Copy exactly the last part of the entries, starting from the line with "Mazda 3 2.0 Grand To..." and including the final line.

··· Input records ···

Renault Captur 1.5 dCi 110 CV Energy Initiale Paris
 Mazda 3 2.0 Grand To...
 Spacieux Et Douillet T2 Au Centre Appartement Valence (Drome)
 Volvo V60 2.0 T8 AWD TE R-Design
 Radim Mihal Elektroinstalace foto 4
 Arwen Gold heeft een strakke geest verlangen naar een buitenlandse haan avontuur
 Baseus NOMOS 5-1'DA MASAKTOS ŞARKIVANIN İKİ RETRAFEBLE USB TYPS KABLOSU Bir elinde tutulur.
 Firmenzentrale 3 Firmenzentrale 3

···

● **Answer to the problem**:
 Mazda 3 2.0 Grand To...
 Spacieux Et Douillet T2 Au Centre Appartement Valence (Drome)
 Volvo V60 2.0 T8 AWD TE R-Design
 Radim Mihal Elektroinstalace foto 4
 Arwen Gold heeft een strakke geest verlangen naar een buitenlandse haan avontuur
 Baseus NOMOS 5-1'DA MASAKTOS ŞARKIVANIN İKİ RETRAFEBLE USB TYPS KABLOSU Bir elinde tutulur.
 Firmenzentrale 3 Firmenzentrale 3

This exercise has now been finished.